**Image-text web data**
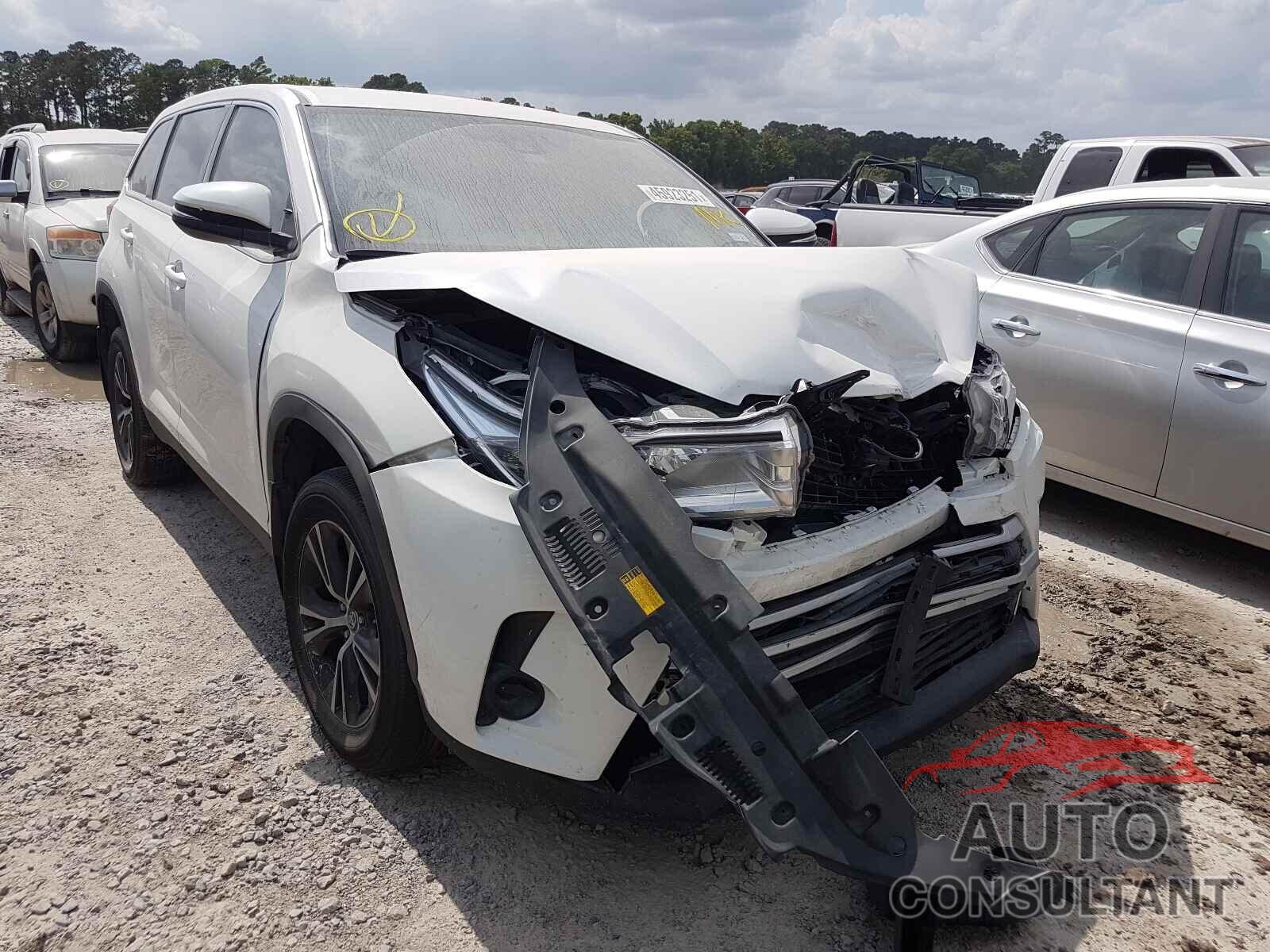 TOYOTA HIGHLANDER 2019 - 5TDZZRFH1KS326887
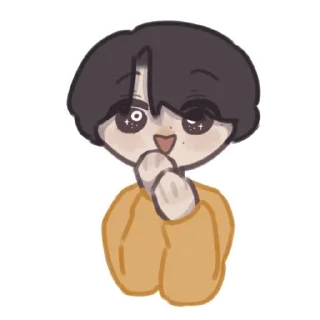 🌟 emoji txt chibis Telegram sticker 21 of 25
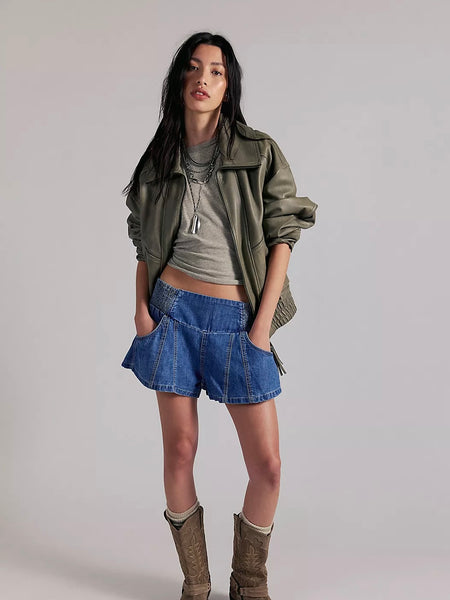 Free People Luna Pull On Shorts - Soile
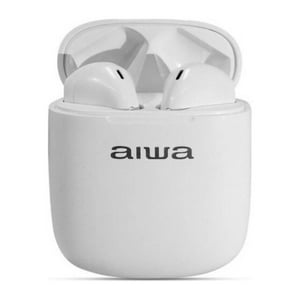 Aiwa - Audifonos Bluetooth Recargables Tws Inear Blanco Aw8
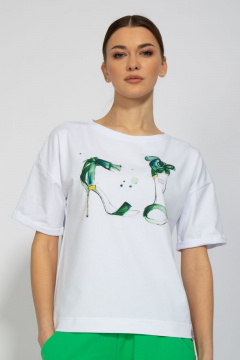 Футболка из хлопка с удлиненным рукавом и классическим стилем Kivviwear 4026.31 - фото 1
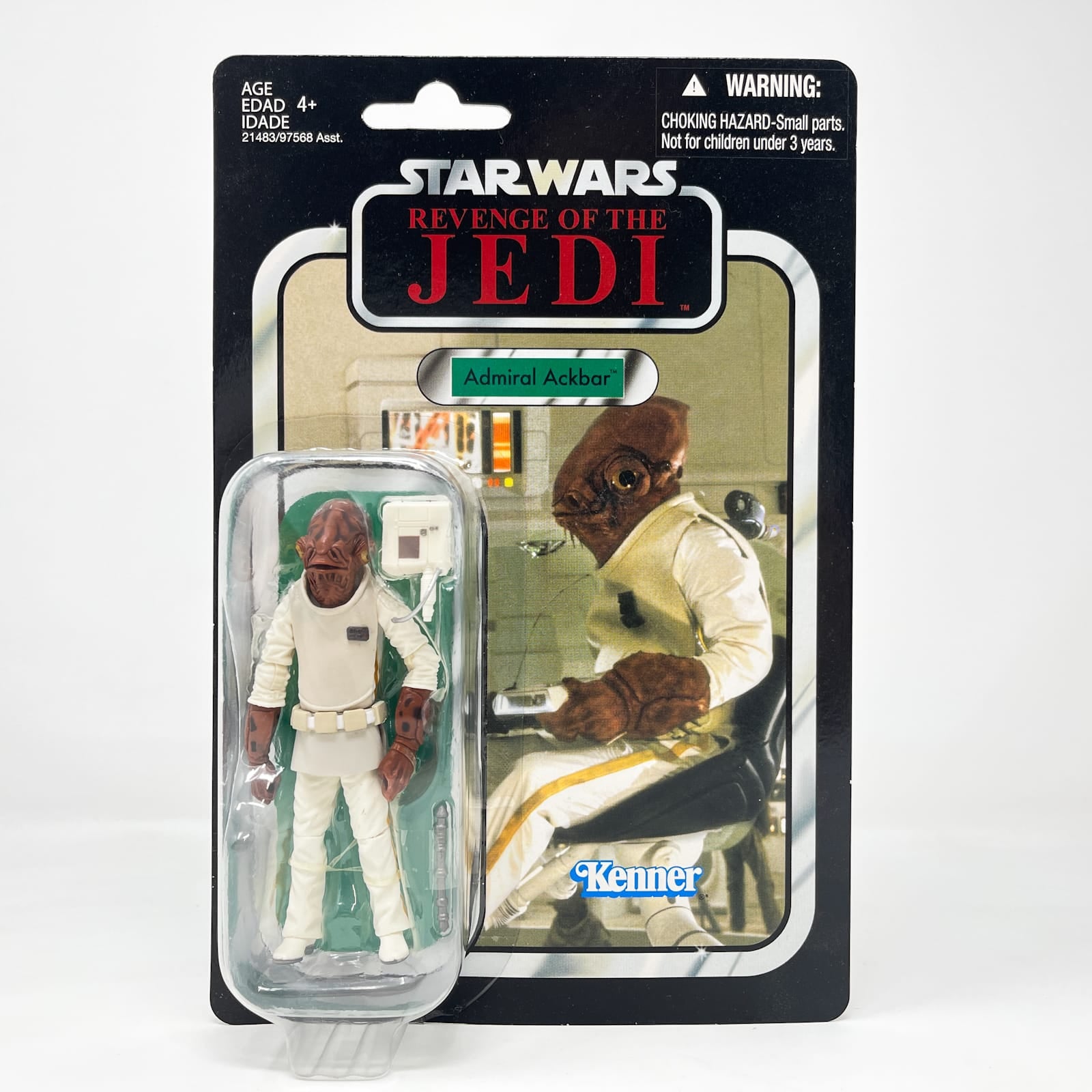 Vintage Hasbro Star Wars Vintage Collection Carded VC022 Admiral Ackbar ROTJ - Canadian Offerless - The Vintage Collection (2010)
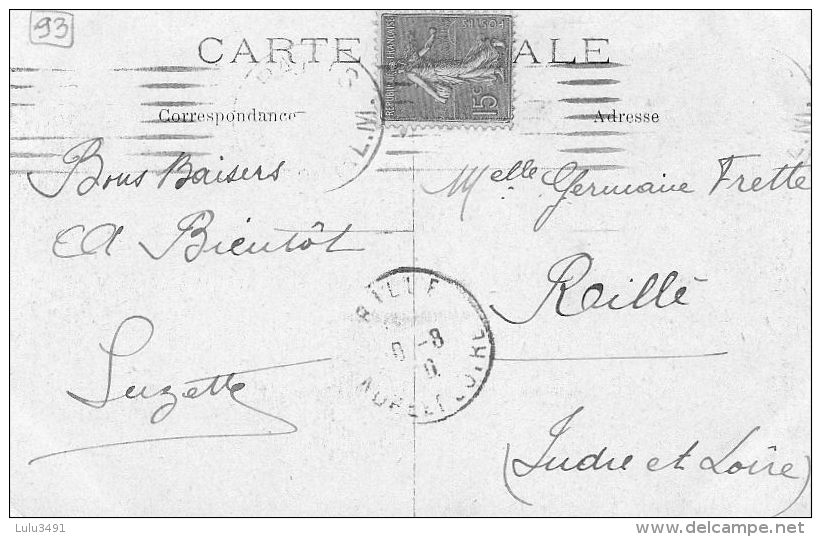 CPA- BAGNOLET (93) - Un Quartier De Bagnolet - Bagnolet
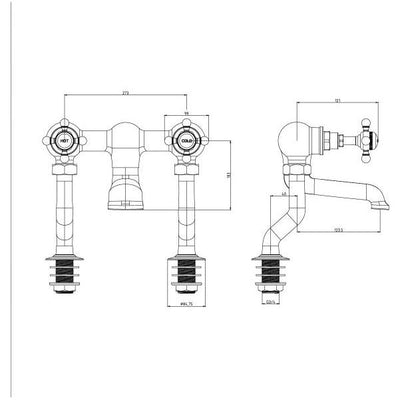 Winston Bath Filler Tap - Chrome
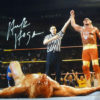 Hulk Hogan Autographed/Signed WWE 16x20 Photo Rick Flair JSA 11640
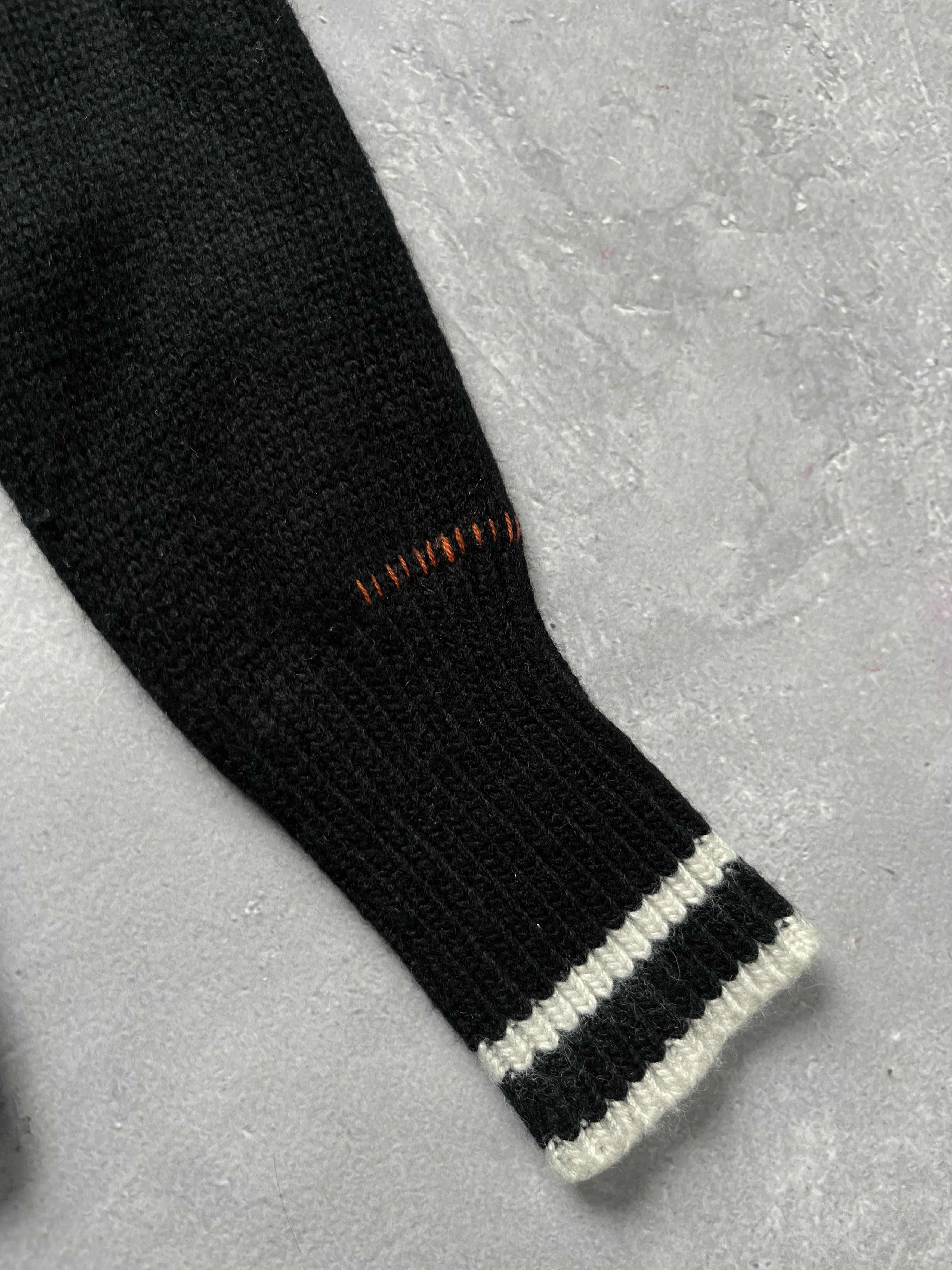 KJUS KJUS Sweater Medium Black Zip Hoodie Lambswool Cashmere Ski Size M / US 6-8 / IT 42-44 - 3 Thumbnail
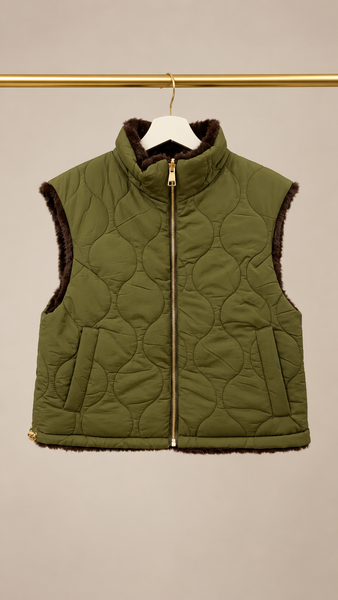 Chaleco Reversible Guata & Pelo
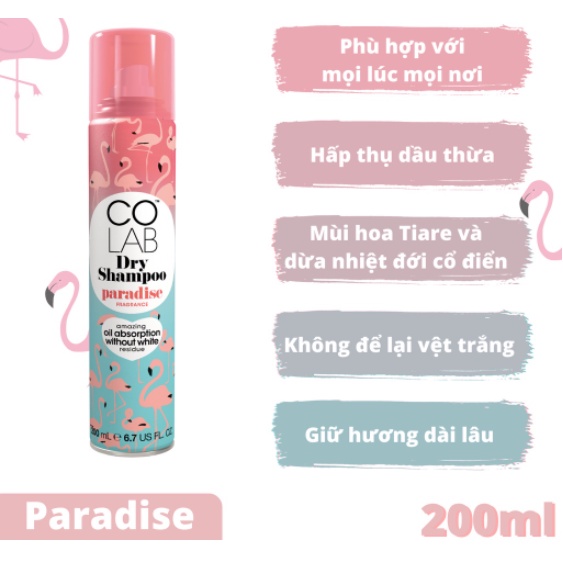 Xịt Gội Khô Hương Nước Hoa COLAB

**Exercise**
Exactly repeat the data above; the pictures do not belong in your copy.

**Response area**
 TOYOTA HIGHLANDER 2019 - 5TDZZRFH1KS326887
 🌟 emoji txt chibis Telegram sticker 21 of 25
 Free People Luna Pull On Shorts - Soile
 Aiwa - Audifonos Bluetooth Recargables Tws Inear Blanco Aw8
 Футболка из хлопка с удлиненным рукавом и классическим стилем Kivviwear 4026.31 - фото 1
 Vintage Hasbro Star Wars Vintage Collection Carded VC022 Admiral Ackbar ROTJ - Canadian Offerless - The Vintage Collection (2010)
 CPA- BAGNOLET (93) - Un Quartier De Bagnolet - Bagnolet
 Winston Bath Filler Tap - Chrome
 Hulk Hogan Autographed/Signed WWE 16x20 Photo Rick Flair JSA 11640
 KJUS KJUS Sweater Medium Black Zip Hoodie Lambswool Cashmere Ski Size M / US 6-8 / IT 42-44 - 3 Thumbnail
 Chaleco Reversible Guata & Pelo
 Xịt Gội Khô Hương Nước Hoa COLAB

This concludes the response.